Terminal World begins in Spearpoint, a city of thirty million people built on and around a gargantuan megastructure which thrusts up from the earth in the shape of a rapidly tapering cone, the inaccessible higher reaches extending into the upper atmosphere. The book’s world is divided into invisible “zones:” humans born in one cannot travel into another without medication lest they risk life-threatening illness, and certain zones render more complex technology useless. At Spearpoint, the zones are split into higher technology the higher one travels, and neighbourhoods are named after the level of development found there: so around the base of the cone is Horsetown, which ascends to Steamtown, then Neon Heights, then Circuit City, and finally the upper echelons of the Celestial Levels, populated by posthumans called “angels” implied to be living in a sort of nanotechnology paradise. The plot begins when a dead angel is found in Neon Heights, apparently having fallen from the upper levels, and is delivered to medical examiner Dr. Quillon. As it turns out the angel isn’t quite dead after all, and delivers a cryptic message to Quillon which forces him to flee the city.

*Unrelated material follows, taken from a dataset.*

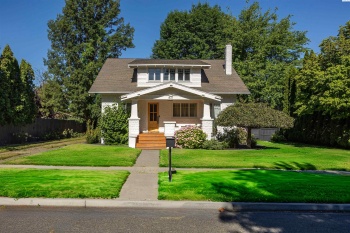 Court Street, Prosser, Washington 99350, 6 Bedrooms Bedrooms, ,3 BathroomsBathrooms,Site Built-owned Lot,For Sale,Court Street,284800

It’s the kind of strange high concept stuff – with Reynolds throwing the reader straight in the deep end – which would have confused and irritated me as a kid, but which I love to read these days, even if it falls apart if you think about it for more than five minutes. (It’s never really explained how thirty million people in the only city in the world get fed when the rest of the planet is a lawless wasteland, but who cares?) Reynolds has a great visual sense of place, and the early chapters in particular reminded me of the 1998 film Dark City: Quillon fleeing his pursuers through a bizarre, noirish amalgam of different eras, through late-night diners and laundromats and train stations and bathhouses. But events soon lead away from Spearpoint entirely, and indeed most of the book takes place out in the wider world, which is no less creative and fascinating. Like most of Reynolds’ works, Terminal World slots very firmly into the category of a sci-fi mystery, as Quillon attempts first to merely survive in the hostile world beyond Spearpoint, but then to determine exactly what Spearpoint is, or was, and the mystery of why his world is divided into “zones” in the first place. (The world is not ours, but nor is it fictional, and after it becomes clear that we’re talking about a post-terraformed Mars millenia in the future, part of the fun is picking up all the other clues, like the occasional curse phrase “fear and panic.”)

A lot of readers disliked Terminal World, and I can understand why. Reynolds’ other books are generally hard science fiction revolving around things like time dilation and the theory of relativity. That would be a jolt for a certain kind of sci-fi fan, expecting one thing and instead getting a fantastical swashbuckling steampunk adventure. Personally I’m always quite happy to read one of those, especially when they’re pulled off as well as this.

The Ionian Mission by Patrick O’Brian (1981) 368 p.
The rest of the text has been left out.